洞山禅師と雪峯和尚の間で交された砂と米の問答などですが、(米=善・砂=悪) 修行上 大切に取っておくべきもの(米・善)と、取り除くべきもの(砂・悪) と理解することもでき、洞山の質問を、「悪を調べて善だけ残すのか、 それとも善を調べて悪を捨て去るのか」となります。  この問答の解釈はいろいろ有るようなので機会があったら図書館などで 典座教訓新訳などを読んでみて下さい。

雪峯の答は「善悪というような分別を捨て去ります」とも解釈できますが、 米と砂は等しく命と知っていても、実際の人間である修行者は 米を食べるのであって、砂を食べるのではないという事実を ないがしろにするようでは、雪峯も未だ観念の域を出てはいない、 ということになるでしょうか? 


6:典座の一日の仕事4「仕事の手順と食器類の整理」
仕事の手順 台所の片付き具合「清潔と整理整頓」を説いています。

明日の粥のおかずの野菜も調えておきましょう。  当日の昼食に使用した調理道具をすべて丁寧に洗い、整理整頓しておきましょう。  次に、明日の昼食の準備です。米と野菜から異物を丹念により分けます。  入手できた限りの食材については、量の多少や品質の良悪を言ってはいけません。 そして選り分けている時、典座の元で働いている行者は竈の守護神にお経を唱え 供養をしましょう。

料理人としては質のよい食材を使いたいところですが、しかしいったん 食材を手にしたら、量の多い少ないを論じたり質の良し悪しを批評してはなりません。 ただ誠意をもって調理するだけです。 忌むべきは、顔色を変えて、材料の多少などを話すことです。 心と食材が一体になり精魂こめて典座の職務のなかで精進修行しましょう。


7:典座の一日の仕事5「物を大切に、時間を有効に」
典座は夜半12時以前は自らも修行に専念します。 真夜中零時以降は、頭を切り替えて朝の粥作りの仕度をします。 朝食を作り終えたら鍋などを洗います。 次に昼食のご飯を炊き、汁物を調理しますが、ご飯を炊く時は鍋を自分の頭だと思い、 水を自身の命だと思いましょう。

★ 「飯を蒸す鍋頭を自頭となし、米を淘りて、水はこれ身命なりと知る」

できあがったご飯は、季節に見合った入れ物に移し、飯台の上に置きます。 おかずや汁物の支度とご飯が炊き上がるのが一致すれば上出来です。

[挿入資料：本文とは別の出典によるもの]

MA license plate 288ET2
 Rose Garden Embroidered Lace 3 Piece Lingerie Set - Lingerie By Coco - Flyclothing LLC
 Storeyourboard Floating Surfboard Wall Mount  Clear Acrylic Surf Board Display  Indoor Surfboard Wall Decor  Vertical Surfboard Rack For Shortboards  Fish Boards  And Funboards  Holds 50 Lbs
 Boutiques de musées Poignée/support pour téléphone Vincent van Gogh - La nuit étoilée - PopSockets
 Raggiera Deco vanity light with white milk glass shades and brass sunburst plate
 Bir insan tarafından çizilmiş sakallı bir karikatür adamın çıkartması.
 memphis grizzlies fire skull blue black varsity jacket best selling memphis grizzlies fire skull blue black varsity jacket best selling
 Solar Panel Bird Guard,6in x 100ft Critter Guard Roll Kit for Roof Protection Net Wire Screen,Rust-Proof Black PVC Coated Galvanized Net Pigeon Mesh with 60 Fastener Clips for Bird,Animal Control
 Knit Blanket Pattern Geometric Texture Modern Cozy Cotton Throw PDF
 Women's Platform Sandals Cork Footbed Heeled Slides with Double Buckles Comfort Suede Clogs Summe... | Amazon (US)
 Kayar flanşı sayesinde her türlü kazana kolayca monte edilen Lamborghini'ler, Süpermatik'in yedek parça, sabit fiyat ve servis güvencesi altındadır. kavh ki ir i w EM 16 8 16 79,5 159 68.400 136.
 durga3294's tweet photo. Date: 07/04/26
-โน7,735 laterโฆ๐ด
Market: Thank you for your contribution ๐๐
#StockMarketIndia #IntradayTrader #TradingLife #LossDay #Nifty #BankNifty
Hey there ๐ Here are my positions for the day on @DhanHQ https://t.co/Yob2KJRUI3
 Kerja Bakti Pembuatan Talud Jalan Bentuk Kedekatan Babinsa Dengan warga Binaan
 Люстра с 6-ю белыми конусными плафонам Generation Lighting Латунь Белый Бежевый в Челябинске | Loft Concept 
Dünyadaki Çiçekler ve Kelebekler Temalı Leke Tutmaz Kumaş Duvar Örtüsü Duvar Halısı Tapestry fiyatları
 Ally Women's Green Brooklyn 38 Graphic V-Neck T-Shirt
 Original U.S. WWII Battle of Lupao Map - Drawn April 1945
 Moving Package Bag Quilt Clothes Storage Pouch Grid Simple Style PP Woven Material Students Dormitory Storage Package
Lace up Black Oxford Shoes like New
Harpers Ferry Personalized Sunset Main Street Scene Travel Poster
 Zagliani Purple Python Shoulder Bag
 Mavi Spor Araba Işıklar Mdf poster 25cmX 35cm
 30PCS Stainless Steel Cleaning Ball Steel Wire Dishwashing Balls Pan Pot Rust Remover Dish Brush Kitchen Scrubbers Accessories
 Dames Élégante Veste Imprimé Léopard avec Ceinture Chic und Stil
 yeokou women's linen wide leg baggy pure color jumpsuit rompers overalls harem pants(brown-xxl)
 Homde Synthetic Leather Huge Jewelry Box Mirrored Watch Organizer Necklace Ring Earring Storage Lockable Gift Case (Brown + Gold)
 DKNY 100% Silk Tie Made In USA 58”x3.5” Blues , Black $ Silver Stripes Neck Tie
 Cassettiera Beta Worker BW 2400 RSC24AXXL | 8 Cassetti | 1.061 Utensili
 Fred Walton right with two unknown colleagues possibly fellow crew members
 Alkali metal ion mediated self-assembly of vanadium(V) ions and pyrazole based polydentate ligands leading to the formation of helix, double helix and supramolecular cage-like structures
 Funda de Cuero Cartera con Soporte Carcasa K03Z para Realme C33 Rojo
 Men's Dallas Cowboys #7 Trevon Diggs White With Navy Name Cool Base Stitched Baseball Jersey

保温付きの電気炊飯器などは無い時代のことですから、美味しくいただく 特に気を使う温度の調節を述べています。


8:典座の心の用い方
典座たる者は、どのような食材を見るにしても、ありきたりの見方をしてはだめです。 すべての食材は生命体であり、その生命体をもって修行僧達の生命体を養うために 用立てる、という見方をしなくてはなりません。 食材の良し悪しや質によって自分の態度を変えるようでは、仏道修行者とは言えません。

★ およそ物色を調弁するには、凡眼をもって観ることなかれ、
★ 凡情をもって念うことなかれ、一茎草を拈りて宝王刹を建て、
★ 一微塵に入りて大法輪を転ぜよ。

【品物の良し悪しを追って心を変えたり、人に順じて言葉を改めたりするのは、 道人ではない】と、執着(愛着・憎悪)を戒める仏道修行上もっとも大切な心得をも、 料理論から発し展開しています。

先輩の典座和尚と同じ程度の食材を得たとして、先輩が普通の菜っ葉汁(苒菜羹・ふさいこう) を作ったのなら、自分は牛乳入りの上等な汁物(頭乳羹・ずにゅうこう)を作るほどの 気構えを持ちましょう。




9:典座の修行
前記の菜っ葉汁と牛乳入りの上等な汁物の例えを具体的に「ただひたすら坐る」に通じる 様な事が書かれておりました。省略し記載します。
容易なことではありませんが、雑念を払拭し、ひたすら調理に専念するなら、 食材をも生かし、それを食べる者達をも生かし、自分をも生かすことになります。

豊富とは言えない、そして高品位とも思えない食材を用いて如何に立派な料理にするかは、 調理人の腕の見せどころでしょうが、この問題は広く応用出来ます。

★ かくのごとく調和浄潔にして、一眼両眼を失することなかれ
★ 真理を見通す一隻眼と、現実を見据える両眼のどちらをも失ってはいけない。

あれこれ思索するだけで実行しない人には、自分への痛烈な批判だと思って 受け止めなければいけませんね。アイデアが大切という事でしょう。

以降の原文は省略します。